Splitting date from time of day
Time is best modeled as two separate physical dimensions: a calendar (date) dimension and a clock (time-of-day) dimension. This reflects how users actually query: most analysis groups by sets of days (months, quarters, fiscal periods), while a smaller set of queries groups by periods within a day (shifts, peak/off-peak). Separating them keeps each dimension small, makes fact-table time granularity explicit, and avoids the combinatorial explosion of merging them (365 x 1,440 = 525,600 rows per year at minute grain).
Calendar dimensions
A well-built calendar dimension pre-computes all the groupings stakeholders need: day, week, month, quarter, year, fiscal period, fiscal year, holiday flags, and epoch counters (“day overall,” “month overall”) that enable cross-year-boundary intervals like “last 60 days.” Calendar dimensions are role-playing --- a single physical table can serve as ORDER DATE, DELIVERY DATE, etc. through aliased views. They are small (20 years of history + 10 future = ~7,300 rows) and should be pre-populated for the foreseeable future. Fiscal calendar attributes typically come from Finance; holiday schedules from HR or national calendars; seasonal info from Sales/Marketing.
Date keys
Unlike other surrogate keys, date keys should follow a consistent calendar-order sequence, enabling partition range scans and BETWEEN joins. Two main formats:
- ISO date keys (YYYYMMDD) --- easy for ETL to generate from source dates, human-readable, good for partition setup, but tempt BI users to filter on the key directly instead of using dimension attributes.
- Epoch-based keys --- integer offset from an origin date (e.g., 1/1/1900). More compact, harder to misuse, but less readable.
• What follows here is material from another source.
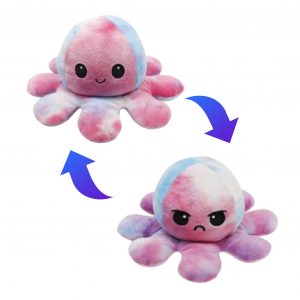 Reversible Octopus Plush Toy – Rainbow – Assorted Colours - 30cm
A date-keyed version of the calendar (materialized view keyed on the actual date rather than the surrogate) is useful as an outrigger for joining date-typed attributes like FIRST_PURCHASE_DATE or HIRE_DATE to the full calendar, but should not replace the surrogate-keyed calendar for fact tables.
Period calendars and month dimensions
Periodic snapshots and aggregate fact tables at weekly, monthly, or quarterly grain should not reuse the daily calendar --- doing so misleads users into thinking they can filter by day-level attributes on monthly data. Instead, create a separate MONTH rollup dimension (derivable as a materialized view from CALENDAR) with its own MONTH KEY. This makes the grain explicit. MONTH KEY can be set to MAX(DATE_KEY) within the month so that BI tools needing a single calendar table can fall back to CALENDAR at query time.
Offset calendars
Fact-specific origin dates (e.g., policy creation date for insurance) need their own offset calendar so that “month 4” means four months since the policy started, not April. These can coexist with the standard calendar on the same fact table, doubling rows but enabling queries from either perspective.
Year-to-date comparisons
YTD analysis is deceptively hard. Three questions must be nailed down: (1) which “from date” --- calendar year start or fiscal year start? (2) what does “to date” mean when different fact tables have different load schedules? (3) should prior-year YTD match by same calendar date or same number of elapsed days?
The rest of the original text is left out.